I was off in college when Mom replaced the braided rugs with carpet. I fussed at her for a while. That big rug in the center made a great ball field. We would lay baseball cards down for defensive players and roll a marble across “home plate”. A wooden pencil made a perfect bat. The hitter was trying to knock the “ball” to the outer layers of different colored braids without making contact with any portion of the cards. Maybe I was a little old for braided rug baseball by then…..but it would have been nice to have kept my options open.
We’d stretch out on that same rug and make our Christmas wishes as we poured over the Sears and Roebuck catalog. We didn’t have the money for any of those things, but that was a rug to dream on! The Christmas thought turned my eyes instinctively to the corner where Mom always placed the tree. I just thought I knew desolate….. The tears, which had been lurking since I opened the back door, found their way to the surface. You wouldn’t believe the uproar in this room when me and Leon and David got to throwing those silver icicles over the top branches!
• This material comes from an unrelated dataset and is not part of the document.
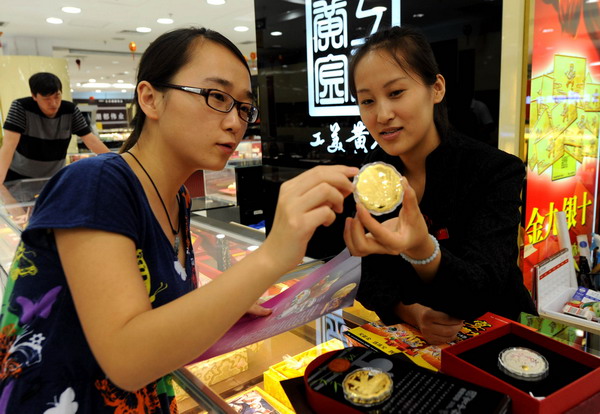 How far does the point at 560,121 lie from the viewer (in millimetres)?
2846

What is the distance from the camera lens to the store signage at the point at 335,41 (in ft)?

I lingered in the kitchen. How empty it looked with nothing on the stove. I remembered how her hands never stopped as she rolled out those biscuits. I smiled at how she would put the turnip greens on top of the cornbread one night and call it “hay stacks” and then slice the cornbread in half the next night, cram the turnips inside and call it a “sandwich”. She didn’t fool us. But we ate it anyway.
We shared our hopes and dreams and disappointments around that table. We lived, loved and grew around that table. We laughed our way through the brown beans and cabbage. And recounted the day God had given us. Mother could sit at that table when we were young and kiss it and make it all better. And when we got older she would lay that gentle hand on your shoulder in good times or bad……and with a tender pat remind you that “everything” was still alright. That will make a house a home quicker than you can say “faith, hope and charity”.
I reckon I won’t be back much anymore. There is no backlog now to stoke, no footsteps to creak the floor, no laughter rebounding down the hall. The silence seems so out of place, yet there is a peacefulness to it. Maybe I am leaving…..but I am not saying goodbye. None of us ever touched by those walls will ever tell it goodbye.